Question.

We allknow tha tAmtrak is ordering more cars for Illinois inter-city service, and we also know that Wisconsin has cancelled the Talgo plans.

Why can’t we just cancel the new shipment of cars and Move the Talgos down to Illinois for transport there, where we’re planning on implementing new equipment on the routes?

Why not move the whole factory? Part of it may be that Wisconsin is more hilly, and the Chicago St. Louis line is relatively curve-free.

The Talgo sets were paid for by the State of Wisconsin. They only way they will “move” to another venue is when they are sold/leased to another operator. They are not free to move about the country.

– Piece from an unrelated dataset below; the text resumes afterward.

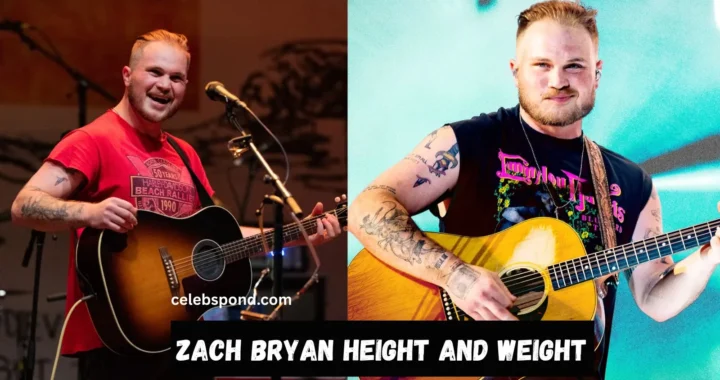 Zach Bryan Height and Weight: The Truth Behind the Numbers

So why, then, is Amtrak or Illinois offering to purchase the Talgo sets, maybe even getting a “deal” on them by having Wisconsin “eat” some of the cost of the original contract?

The bi-levels are a lower-risk choice as California has had good experience with them in the form of the Surfliners and Amtrak has had good experience with the Superliners I and II.

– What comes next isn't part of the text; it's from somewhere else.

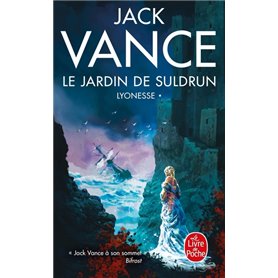 Le Jardin de Suldrun (Lyonesse, Tome 1)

The Talgos are a “forward looking” choice as they are maybe half the weight per seat (if you leave out the locomotive and non-revenue cab car at the other end), which could mean energy savings, although the energy savings may depend more on the aerodynamics and how well the locomotive blends in with the trailing cars, and the real-world energy use of any of the corridor consists has never been disclosed, and not for lack of trying to find this information.

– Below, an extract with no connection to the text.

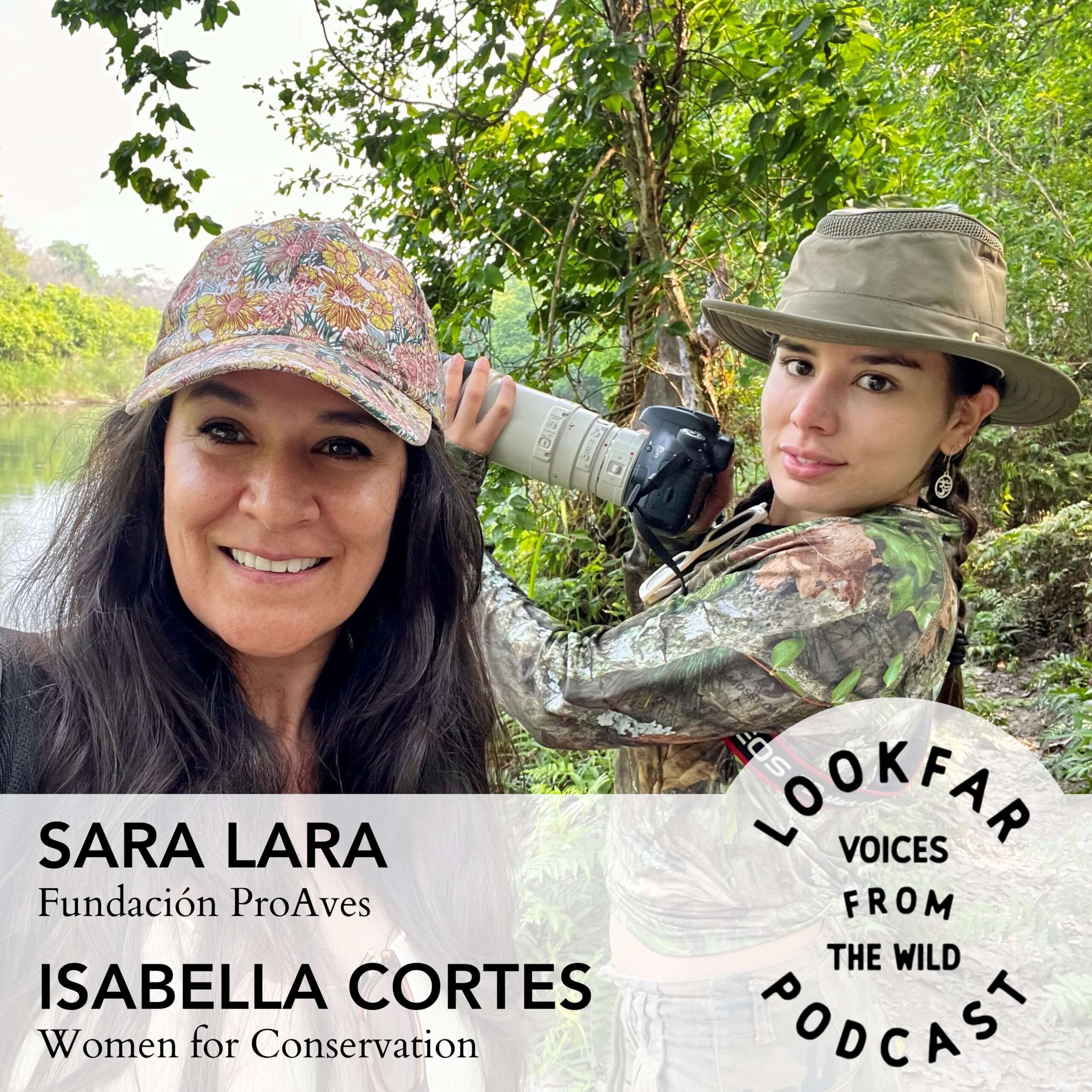 Empowering Women, Saving the Rainforest: New Podcast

The Talgos also derive all of their wheel steering from “forced-steer” linkages (The newer radial-truck EMD locomotives also have guided-axles, but they work on the “self-steer” principle where only the axles within one truck are interlinked. The Talgo along with some European radial trucks are “forced-steer”, where steering commands come from the pivoting of the truck relative to the body as well with the radial trucks, in the Talgo case, the train cars themselves are the trucks.) Also, the Talgo gets no steering corrections from the wheel taper as each wheel is independently rotating. Any steering forces in the Talgo have to come from the gravity effect of the wheels seeking the low spot on their flange taper along with the articulation of the train cars around curves steering each wheel set. The 1950’s Train-X along with the 1960’s TurboTrain had guided axles much like the Talgo, but they didn’t go as far as the independently rotation wheels, which completely changes the tracking properties and the stability properties at speed.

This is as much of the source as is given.